How are subjects assigned to treatment groups?

e. Study results

What were the results of the study?

f. Analyse results

Construct the data from the results reported. Compute the proportion of subjects with progression of COVID after 5 days, for the two treatments. Include the standard error of the estimate.

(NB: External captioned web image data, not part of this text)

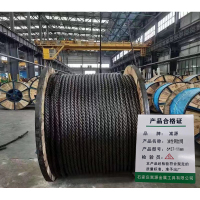 嵩源油性钢丝绳 6*37-11mm/米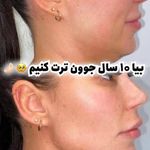 کلینیک زیبایی و لاغری الا بیوتی سنتر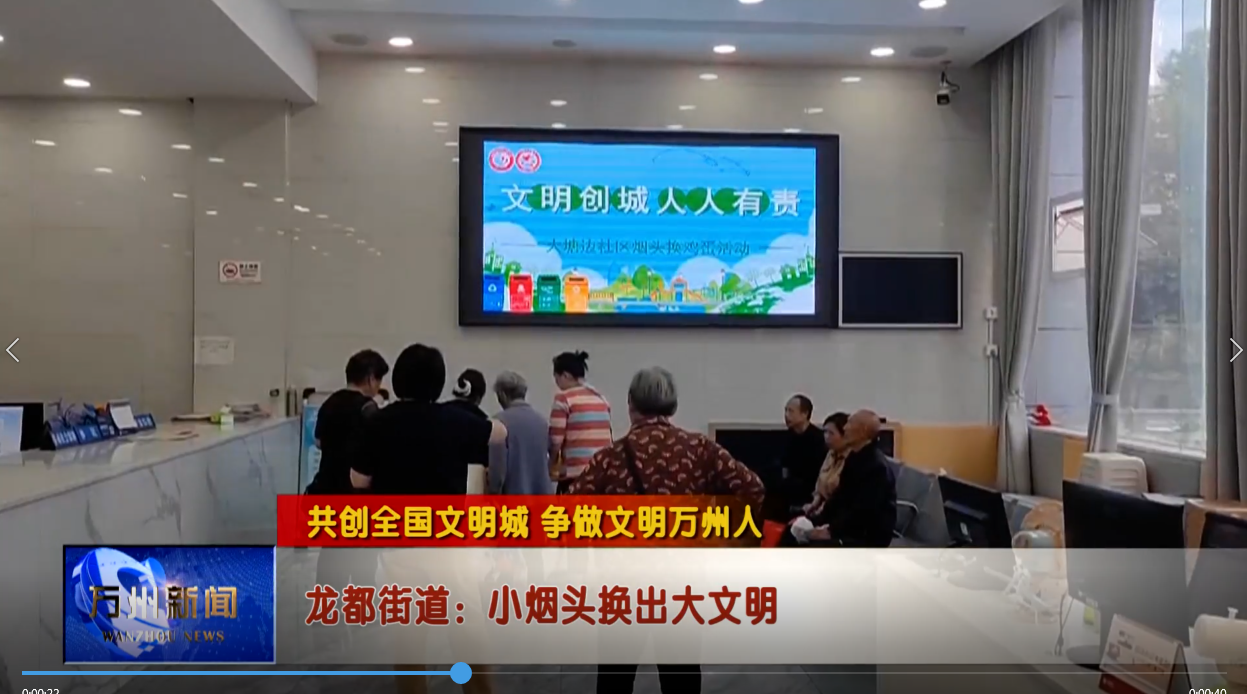 【共创全国文明城 争做文明万州人】龙都街道：小烟头换出大文明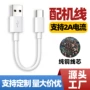 usb2a20cm小家电充电线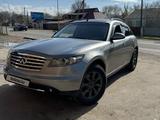 Infiniti FX35 2006 годаүшін6 750 000 тг. в Алматы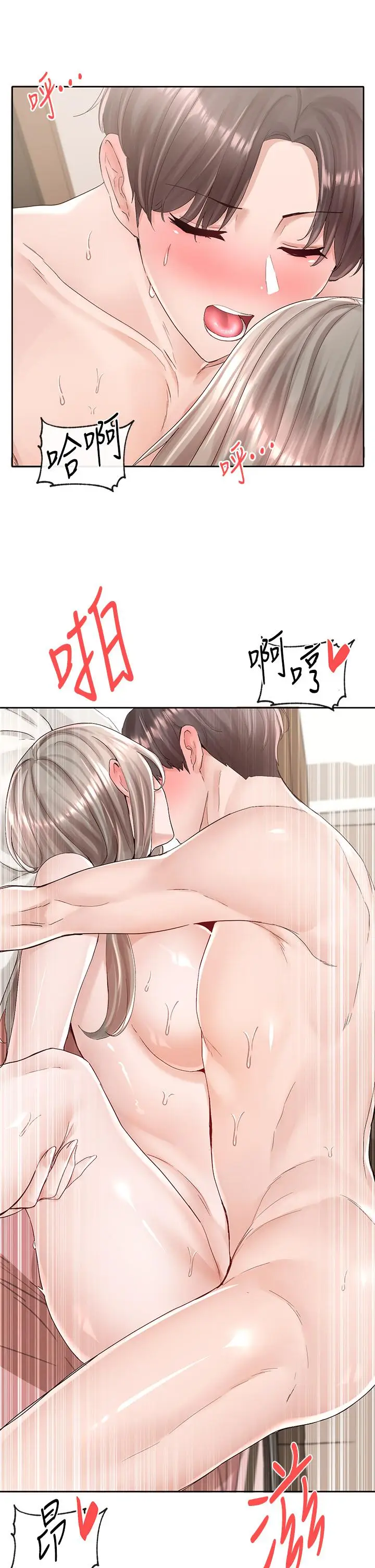 漫画《社团学姊》第86话第39张图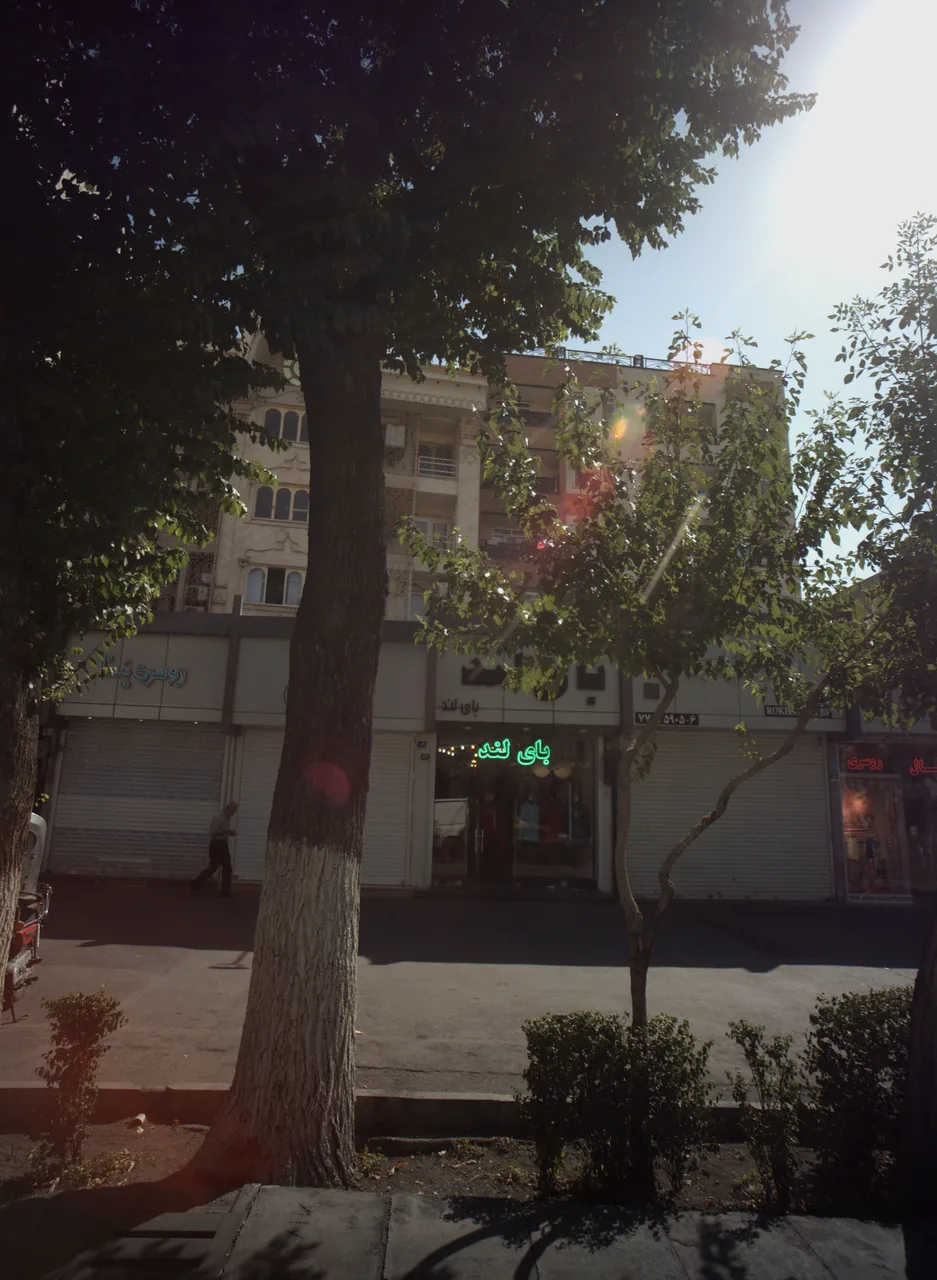 فروشگاه پوشاک بای لند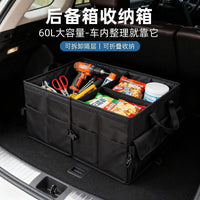 Customizable Foldable Oxford Cloth Car Trunk Storage Box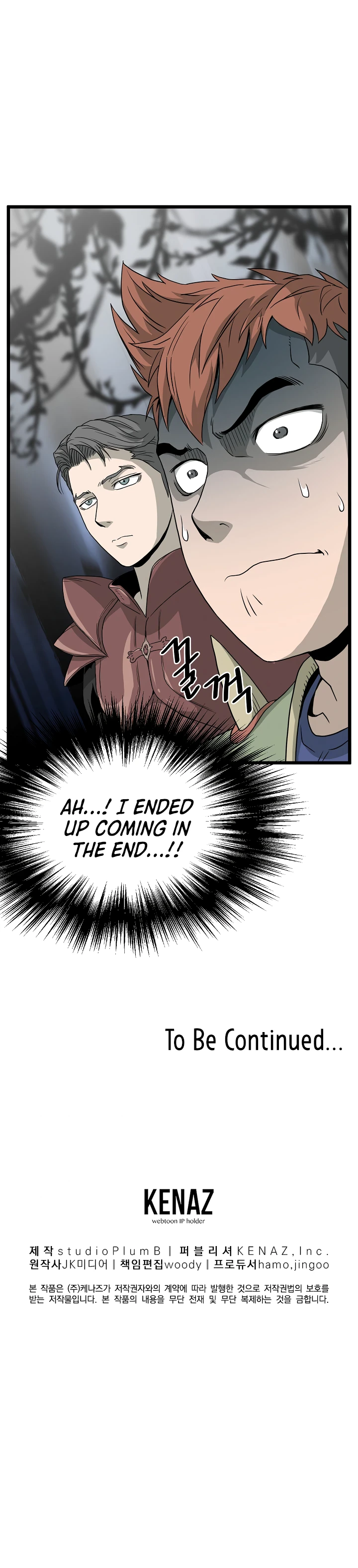 Log-In Murim Chapter 44 — Page 13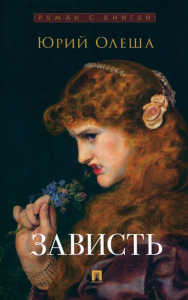 Зависть. Олеша Ю.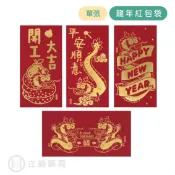 立赫健保藥局 龍年 紅包袋 單1入 現貨 開工大吉 福 平安順意 新年快樂 龍年 紅包 2024 燙金花紋 過年 春節【立赫藥局】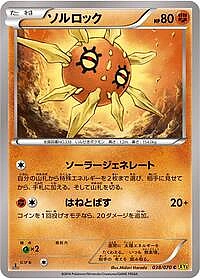 Solrock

hcq <- tibble(trt = c("standard", "standard", "hcq", "hcq"),
              progression = c("all", "yes", "all", "yes"), 
              count = c(151, 5, 349, 11))
hcq |> 
  pivot_wider(names_from = "progression", values_from = "count") |>
  mutate(p = yes/all) |>
  mutate(se = sqrt(p*(1-p)/all))
# A tibble: 2 × 5
  trt        all   yes      p      se
  <chr>    <dbl> <dbl>  <dbl>   <dbl>
1 standard   151     5 0.0331 0.0146 
2 hcq        349    11 0.0315 0.00935

g. Study conculstions

Based on the proportions and their standard errors, why would the result of the study be that HCQ does NOT improve the outcomes of COVID patients?

h. Population vs sample

What is the population for this experiment?